Plastic manufacturing is a process that consumes significant amounts of energy. Research conducted at the National Institute of Standards and Technology (NIST) has discovered a way to decrease the energy demand in one major step of manufacturing plastic by making use of a group of materials, which can filter impurities more effectively compared to traditional manufacturing process.
Ethylene (on left in gray) is usually contaminated with acetylene (blue), which can ruin the process that creates the polyethylene used in most plastic. SIFSIX metal-organic frameworks (center) can capture the acetylene efficiently, leaving pure ethylene (right). Credit: Zhou/NIST
The results, published in the Science journal illustrate that, materials referred to as metal-organic frameworks (MOFs), can efficiently eliminate acetylene, a major source of contaminant, from ethylene, the material from which a large amount of the world’s plastic is manufactured. The research proposes that filtering out acetylene with the use of MOFs would generate highly pure ethylene required by the industry, while sidestepping the present requirement to convert acetylene to ethylene by an expensive catalytic process.

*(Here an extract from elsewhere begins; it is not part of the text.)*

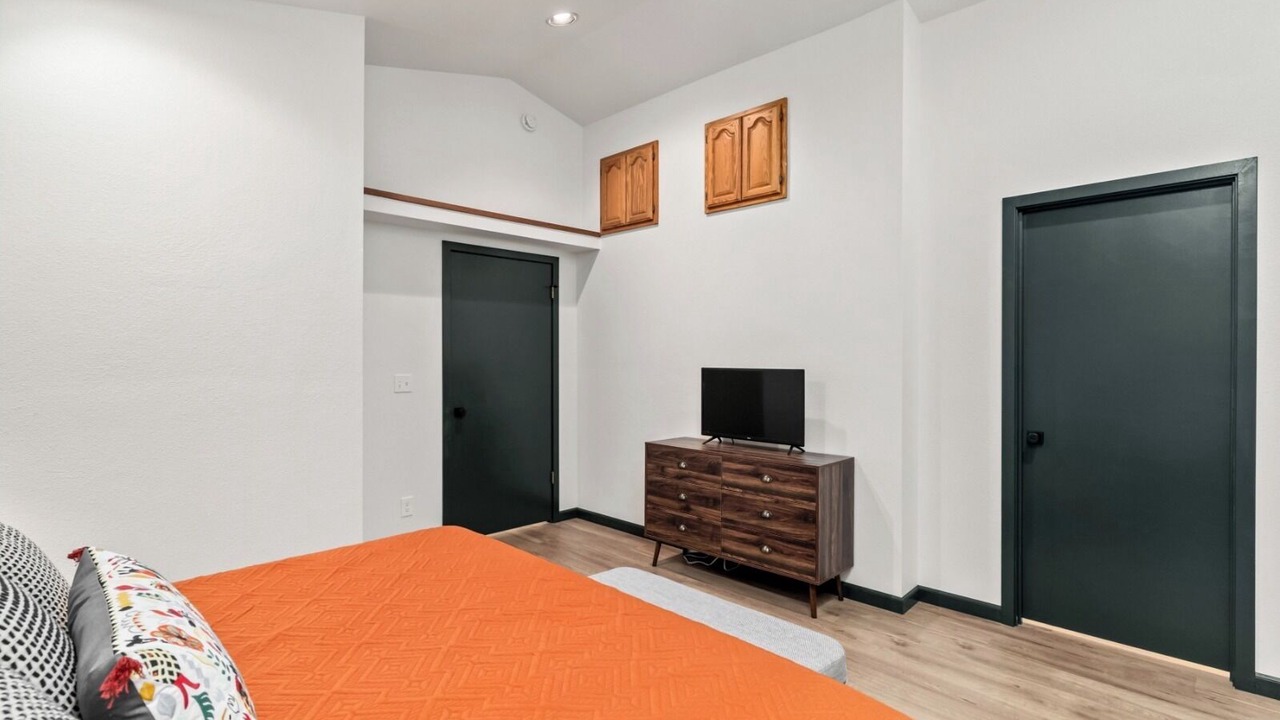 Photo of Bedroom in Bonney Lake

The chemical name of the plastic seen daily—right from grocery bags and water bottles to household gadgets—is polyethylene, a flexible material produced by stringing together long chains of ethylene which is a simpler molecule. The demand for plastic worldwide makes ethylene the most commonly manufactured organic compound, with more than 100 million tons of ethylene produced every year, mostly by crude oil refining.
Recently manufactured ethylene is not pure enough to turn into plastic as the refinement process produces a considerable quantity of acetylene also, which could damage the catalysts that make ethylene molecules to string together. The conventional industrial key is to convert this unwanted acetylene also into ethylene, however this step requires the use of palladium - a costly and rare metal - to be used as a catalyst and also uses a considerable amount of energy.
The research group, which includes researchers from the NIST Center for Neutron Research (NCNR) and five universities from across the globe, discovered that SIFSIX, a family of MOF materials, found in the 1990s, may offer a better choice to remove acetylene. MOFs are porous crystals which when viewed under a microscope look similar to a building under construction - numerous girders with gap in between. The SIFSIX groups name comes from a few of its girders, which are produced from silicon (Si) and six atoms of fluorine (F6).
The group discovered that when ethylene was passed through the MOFs, the fluorine attracted and captured nearly all of the contaminant acetylene, allowing the now-purified ethylene to pass without any hindrance. Changing the pore size by varying the length of the girders allowed the MOFs to filter ethylene-containing acetylene in concentrations between 1 and 50%, which are characteristic in industry.
The SIFSIX MOFs have achieved records amongst adsorbent materials for adsorption capacity and selectivity (the capability to only attract acetylene while permitting ethylene to pass). In accordance to the research group, the outcomes prove that the SIFSIX group offers a feasible substitute to conventional industrial practice.
They reduced the amount of acetylene in ethylene down to less than 2 parts per million (ppm), which is lower than the 5 ppm that polyethylene manufacturing requires. SIFSIX MOFs are easy to produce, safe to use, and can be reused over and over again. They also have the advantage of being stable, which is not true of all MOFs.
Wei Zhou, Materials Scientist, NIST
Scientists based at China’s Zhejiang University (by Huabin Xing), Ireland’s University of Limerick, (Michael Zaworotko) and the University of Texas–San Antonio in the U.S developed and investigated the MOFs in detail. UT-San Antonio Professor Banglin Chen sensed the importance of SIFSIX MOFs for this purpose, and arranged and led the group. The NIST’s part of the work, which was concerned with neutron diffraction experiments and computer modeling of MOFs, verified the mechanism by which acetylene was captured by the SIFSIX MOFs. There was also contribution from researchers of the Saudi Arabia’s King Abdullah University of Science and Technology and Netherlands’ University of Amsterdam.